If You Think Child Support Doesn’t Apply to Stepchildren, Think Again


Monthly child support payments from one parent to the other are one of the most common results of a separation. Over time, separated parents often re-couple, and in-law relationships can become part of the fabric of a blended family. But what happens if the parents of the blended family separate? Is a step-parent required to pay child support for a stepson? In some cases, the answer is yes.

That’s the outcome of a recent twelve-day trial before Justice Dale Fitzpatrick of the Ontario Superior Court of Justice, who was asked to decide whether a stepfather had a duty to support two stepchildren. The trial focused almost entirely on the binary issue of whether the stepfather should pay child support. The length of the trial was very clear: determining the support obligation of a step-parent or a subsequent parent is much more complex than determining the obligation of a first parent.

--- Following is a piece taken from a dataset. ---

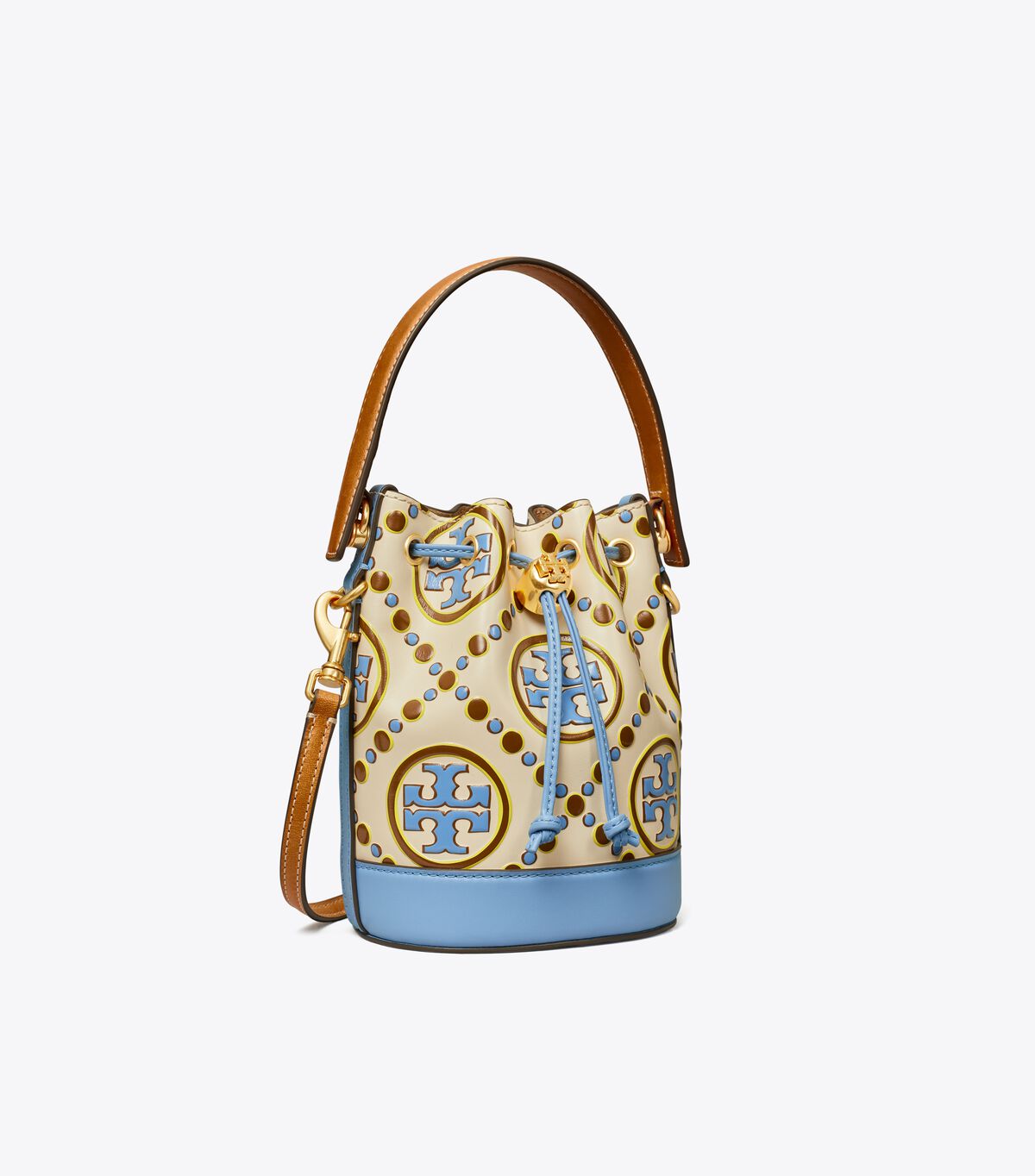 White / Blue Tory Burch Mini T Monogram Contrast Embossed Women\'s Bucket Bags | OUTLET-30625749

In the case before Judge Fitzpatrick, the parties only lived together for 22 months, of which they were married for 17 months. The husband had no children from a previous relationship. The wife had two children, aged 9 and 11 at the time of separation. The children’s biological father had a fractured relationship with the children, and when the parties started living together, the children did not see their biological father at all. The biological father was on welfare and paying child support of $94 a month.

Following the separation, the wife demanded alimony from the husband. The husband disagreed. A bitter trial ensued. To determine whether the husband owed child support, Judge Fitzpatrick had to carefully analyze the relationship between the husband and the two children. The judge had to decide whether the husband had stood in the place of parent since, under the Federal Child Support Guidelines, which apply across Canada to divorced spouses, child support may be payable by a spouse who take on the role of parent.

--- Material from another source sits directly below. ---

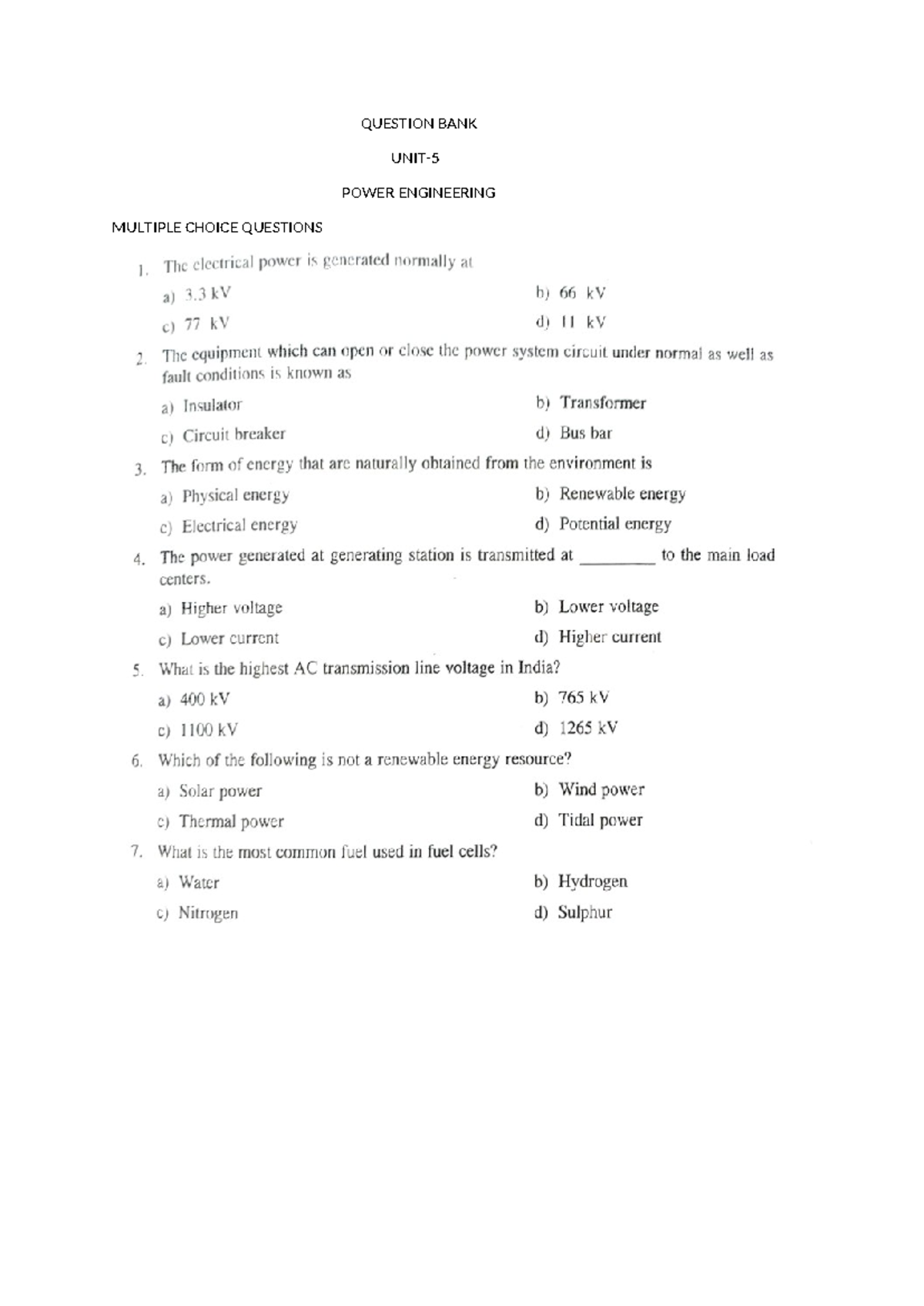 EEE- Question BANK- UNIT-5 - Electrical And Electronics Measurement ...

The judge was guided by a number of court decisions that have their roots in Chartier v. Chartier, a 1999 decision of the Supreme Court of Canada. In this case, Judge Michel Bastarache noted that the spouses “have the right to divorce, but not the children who were part of the marriage” and that when a spouse stands in the place of a parent, the children should be able “to rely on the prosecution of this relationship.

In determining whether a spouse stood in the place of a parent, a judge will consider a number of factors. According to Justice Fitzpatrick, these factors include, but are not limited to: a) participation in family events, b) the step-parent’s financial contribution to the children, c) the step-parent’s participation in child-related tasks. , (d) responsibility to discipline children, (e) children’s use of step-parent’s surname, (f) reference to step-parent as “father”, (g) duration of step-parent’s relationship -parent with the children and h) the nature of the relationship with the biological father.

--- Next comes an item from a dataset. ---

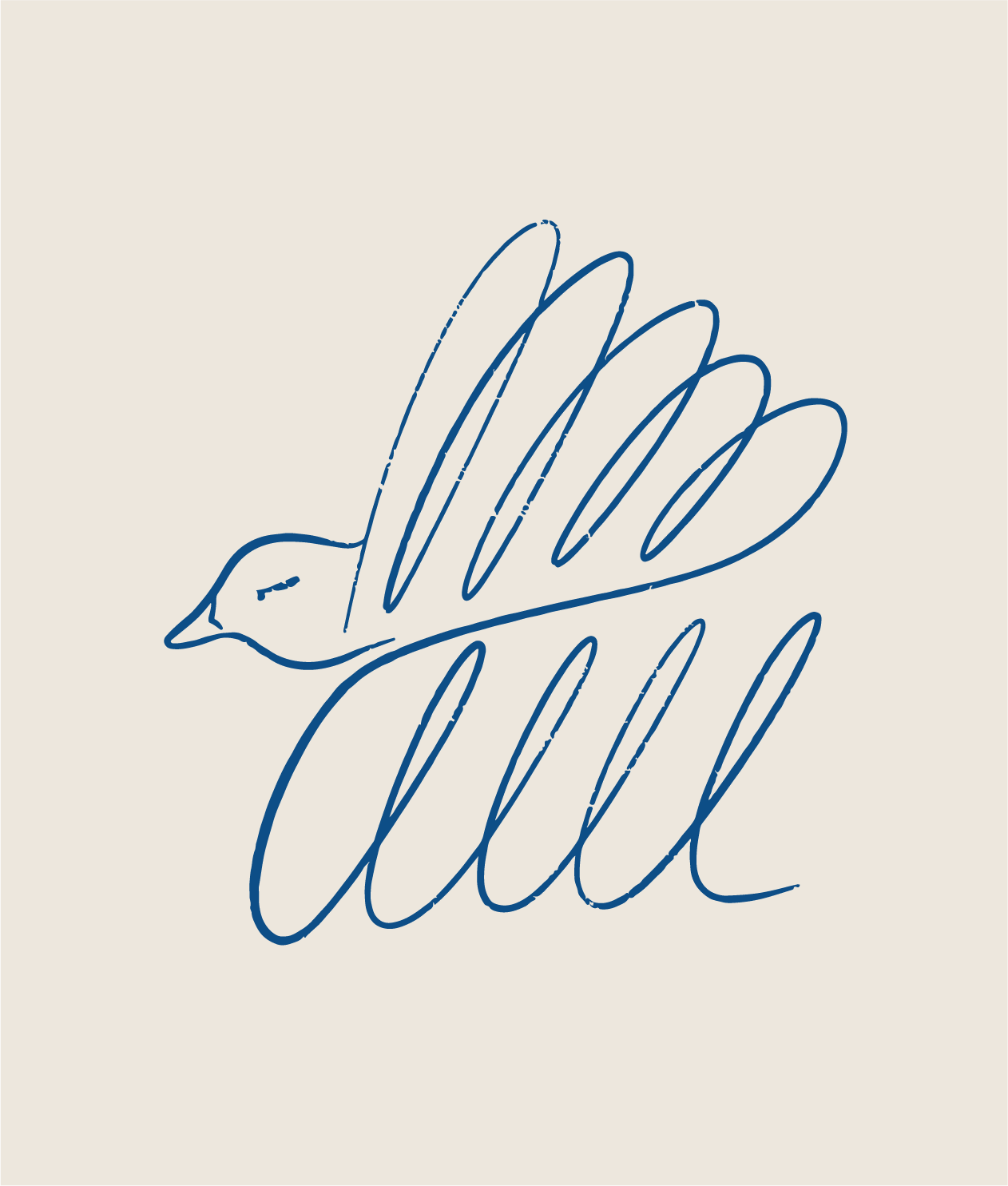 Minimalist line drawing of a bird in flight with stylized fins or wings.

During the 12-day trial, the evidence provided by both sides was remarkably similar on many of these factors. According to Judge Fitzpartrick, the husband testified that “the children called him dad from the first three months” of his relationship with the wife and that “he paid all the household expenses without the contribution of (the wife) who did not work outside the home during the relationship. The evidence also showed that the husband participated in the children’s extracurricular activities such as swimming, hockey and skating. There was evidence of family vacations in Mexico, Florida and Muskoka.

Despite the depth and breadth of the evidence, the husband denied having any closeness or relationship with the children. The husband’s position was based on his belief that he was “dominated by (the wife) and somehow coerced into acting like a parent against her will”. Judge Fitzpatrick dismissed the husband’s allegations on the grounds that “no significant evidence was presented during the trial to support his assertion that (the wife) forced this relationship on (the husband) or the children.”

In particular, following the separation, the husband had no contact with the children. According to the wife, the husband chose to cut off all contact. The absence of contact after separation has no bearing on whether or not there is a child support obligation.

Accordingly, Judge Fitzpatrick had “no difficulty” in concluding that the husband stood in the place of a parent and was liable to pay alimony to the wife for the upkeep of the two children. . Recognizing the short duration of the relationship, Judge Fitzpatrick ordered the husband to pay child support for a period of three years.

To determine the amount of the husband’s monthly support obligation, Judge Fitzpatrick deducted the $94 per month paid by the biological father.

Given the nominal amount of child support paid by the biological father, it should be noted that a step-parent may be required to pay the full monthly amount of child support in certain circumstances. This issue was discussed by Justice Erika Chozik in another recent case before the Ontario Superior Court of Justice. According to Judge Chozik: “Where the biological parent is not present and his maintenance obligation cannot be quantified or enforced, there may be circumstances where the step-parent will have to discharge the primary obligation of maintenance. so that the child can continue to enjoy the standard of living that he enjoyed while living with the step-parent.

In addition to his obligation to pay time-limited child support, the husband was ordered to pay the wife $135,000 in court costs. According to Judge Fitzpatrick, the trial “was a 12-day win-win trial, made longer by (husband’s) incredible denials of any emotional relationship with the children.”

Given the length and cost of a trial to determine whether a parent stood in the place of a parent, separating spouses would be wise to consider resolution options early in such a dispute.